- What to work on: Using the data below, copy out all lines with the word "Property".

- Records supplied:
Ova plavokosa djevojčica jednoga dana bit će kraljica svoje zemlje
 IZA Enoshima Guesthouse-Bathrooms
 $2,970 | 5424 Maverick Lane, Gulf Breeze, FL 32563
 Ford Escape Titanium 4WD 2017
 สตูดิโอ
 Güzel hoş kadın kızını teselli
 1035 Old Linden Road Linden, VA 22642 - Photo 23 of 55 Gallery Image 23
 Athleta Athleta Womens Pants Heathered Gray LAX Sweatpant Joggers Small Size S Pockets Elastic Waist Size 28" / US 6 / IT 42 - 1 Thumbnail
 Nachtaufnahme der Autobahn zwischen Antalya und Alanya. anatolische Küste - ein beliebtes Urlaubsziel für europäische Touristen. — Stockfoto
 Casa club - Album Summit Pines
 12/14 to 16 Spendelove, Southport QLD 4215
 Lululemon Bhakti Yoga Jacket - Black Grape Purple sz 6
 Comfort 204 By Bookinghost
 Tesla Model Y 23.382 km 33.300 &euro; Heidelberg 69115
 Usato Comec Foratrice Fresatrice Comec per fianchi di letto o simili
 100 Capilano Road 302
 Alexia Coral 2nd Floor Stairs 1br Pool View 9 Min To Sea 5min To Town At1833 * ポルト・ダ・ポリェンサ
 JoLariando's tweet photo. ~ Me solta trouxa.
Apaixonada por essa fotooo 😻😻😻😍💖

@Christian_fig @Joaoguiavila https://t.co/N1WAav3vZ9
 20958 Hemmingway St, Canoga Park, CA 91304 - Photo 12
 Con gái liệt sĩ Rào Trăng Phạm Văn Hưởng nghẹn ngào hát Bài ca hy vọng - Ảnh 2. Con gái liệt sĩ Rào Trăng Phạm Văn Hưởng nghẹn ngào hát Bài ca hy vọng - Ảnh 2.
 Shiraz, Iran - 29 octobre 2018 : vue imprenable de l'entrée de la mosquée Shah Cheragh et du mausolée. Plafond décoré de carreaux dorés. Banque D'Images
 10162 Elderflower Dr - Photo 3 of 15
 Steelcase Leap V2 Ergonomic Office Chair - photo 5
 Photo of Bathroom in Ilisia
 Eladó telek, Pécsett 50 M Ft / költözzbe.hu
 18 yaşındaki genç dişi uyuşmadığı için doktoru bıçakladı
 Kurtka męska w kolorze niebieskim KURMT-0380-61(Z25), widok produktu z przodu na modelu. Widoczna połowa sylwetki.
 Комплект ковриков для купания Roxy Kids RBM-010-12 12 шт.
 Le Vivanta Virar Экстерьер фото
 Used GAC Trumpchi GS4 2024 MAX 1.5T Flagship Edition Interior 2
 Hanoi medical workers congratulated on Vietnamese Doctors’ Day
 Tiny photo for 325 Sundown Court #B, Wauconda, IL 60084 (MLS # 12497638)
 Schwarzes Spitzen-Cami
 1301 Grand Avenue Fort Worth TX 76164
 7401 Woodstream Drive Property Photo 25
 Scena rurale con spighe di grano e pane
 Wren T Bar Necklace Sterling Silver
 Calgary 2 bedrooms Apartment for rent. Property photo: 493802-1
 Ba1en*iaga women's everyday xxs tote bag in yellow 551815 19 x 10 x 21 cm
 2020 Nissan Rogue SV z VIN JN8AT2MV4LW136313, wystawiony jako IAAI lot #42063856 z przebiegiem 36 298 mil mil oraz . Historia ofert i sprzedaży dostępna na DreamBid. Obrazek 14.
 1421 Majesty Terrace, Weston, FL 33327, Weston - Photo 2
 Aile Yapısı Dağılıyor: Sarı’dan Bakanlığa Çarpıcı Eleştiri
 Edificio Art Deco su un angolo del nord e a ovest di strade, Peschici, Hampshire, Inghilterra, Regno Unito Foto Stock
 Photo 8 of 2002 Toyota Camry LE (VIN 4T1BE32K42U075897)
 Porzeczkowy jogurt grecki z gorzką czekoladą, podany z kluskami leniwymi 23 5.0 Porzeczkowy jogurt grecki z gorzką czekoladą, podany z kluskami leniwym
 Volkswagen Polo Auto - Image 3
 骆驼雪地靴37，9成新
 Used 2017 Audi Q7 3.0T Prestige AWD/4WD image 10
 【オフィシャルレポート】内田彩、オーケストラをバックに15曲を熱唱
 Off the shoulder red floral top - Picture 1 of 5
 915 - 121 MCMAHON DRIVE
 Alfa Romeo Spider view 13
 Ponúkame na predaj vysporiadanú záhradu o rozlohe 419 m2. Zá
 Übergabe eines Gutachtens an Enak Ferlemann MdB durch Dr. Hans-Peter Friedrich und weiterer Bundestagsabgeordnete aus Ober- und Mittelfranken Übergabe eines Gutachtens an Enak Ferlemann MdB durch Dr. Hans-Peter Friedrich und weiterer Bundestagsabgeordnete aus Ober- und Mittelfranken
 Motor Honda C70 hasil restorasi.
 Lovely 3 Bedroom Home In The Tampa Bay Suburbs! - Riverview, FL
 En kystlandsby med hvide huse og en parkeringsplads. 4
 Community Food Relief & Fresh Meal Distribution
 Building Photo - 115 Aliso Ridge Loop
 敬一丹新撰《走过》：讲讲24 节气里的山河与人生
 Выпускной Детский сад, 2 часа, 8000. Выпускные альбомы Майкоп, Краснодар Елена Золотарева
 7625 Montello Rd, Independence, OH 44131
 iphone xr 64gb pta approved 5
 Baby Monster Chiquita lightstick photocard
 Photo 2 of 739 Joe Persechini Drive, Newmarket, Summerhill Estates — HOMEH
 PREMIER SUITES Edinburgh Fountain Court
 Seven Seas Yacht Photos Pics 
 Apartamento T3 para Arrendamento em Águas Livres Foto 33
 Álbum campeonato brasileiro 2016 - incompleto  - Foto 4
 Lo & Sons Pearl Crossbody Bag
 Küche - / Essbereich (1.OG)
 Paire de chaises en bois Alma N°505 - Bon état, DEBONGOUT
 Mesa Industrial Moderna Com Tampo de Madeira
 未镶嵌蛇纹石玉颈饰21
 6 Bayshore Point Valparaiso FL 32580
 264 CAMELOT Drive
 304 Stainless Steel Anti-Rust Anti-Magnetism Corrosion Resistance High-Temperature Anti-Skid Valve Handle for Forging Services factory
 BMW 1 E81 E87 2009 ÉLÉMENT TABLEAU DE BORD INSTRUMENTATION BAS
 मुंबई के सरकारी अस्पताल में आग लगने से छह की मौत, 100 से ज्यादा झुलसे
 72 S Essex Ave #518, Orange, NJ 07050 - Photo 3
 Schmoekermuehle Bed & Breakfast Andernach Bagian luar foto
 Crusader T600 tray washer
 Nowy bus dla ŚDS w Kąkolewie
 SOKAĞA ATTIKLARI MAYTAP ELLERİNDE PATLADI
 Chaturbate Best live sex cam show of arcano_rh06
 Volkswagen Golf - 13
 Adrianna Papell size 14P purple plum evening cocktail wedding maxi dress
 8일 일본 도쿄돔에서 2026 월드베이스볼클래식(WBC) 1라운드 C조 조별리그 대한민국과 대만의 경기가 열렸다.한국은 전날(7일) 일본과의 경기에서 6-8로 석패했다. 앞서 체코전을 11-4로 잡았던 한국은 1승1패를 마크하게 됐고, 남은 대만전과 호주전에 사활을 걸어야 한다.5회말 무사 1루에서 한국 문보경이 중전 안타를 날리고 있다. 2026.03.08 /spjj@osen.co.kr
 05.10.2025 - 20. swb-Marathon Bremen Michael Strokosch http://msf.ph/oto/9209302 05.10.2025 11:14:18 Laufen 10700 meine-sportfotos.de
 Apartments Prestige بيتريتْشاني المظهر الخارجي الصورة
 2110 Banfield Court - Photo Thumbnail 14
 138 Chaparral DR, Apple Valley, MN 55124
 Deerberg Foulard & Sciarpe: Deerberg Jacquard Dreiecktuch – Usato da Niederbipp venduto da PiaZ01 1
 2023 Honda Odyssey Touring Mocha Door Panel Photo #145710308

- Written reply:
 7401 Woodstream Drive Property Photo 25
 Calgary 2 bedrooms Apartment for rent. Property photo: 493802-1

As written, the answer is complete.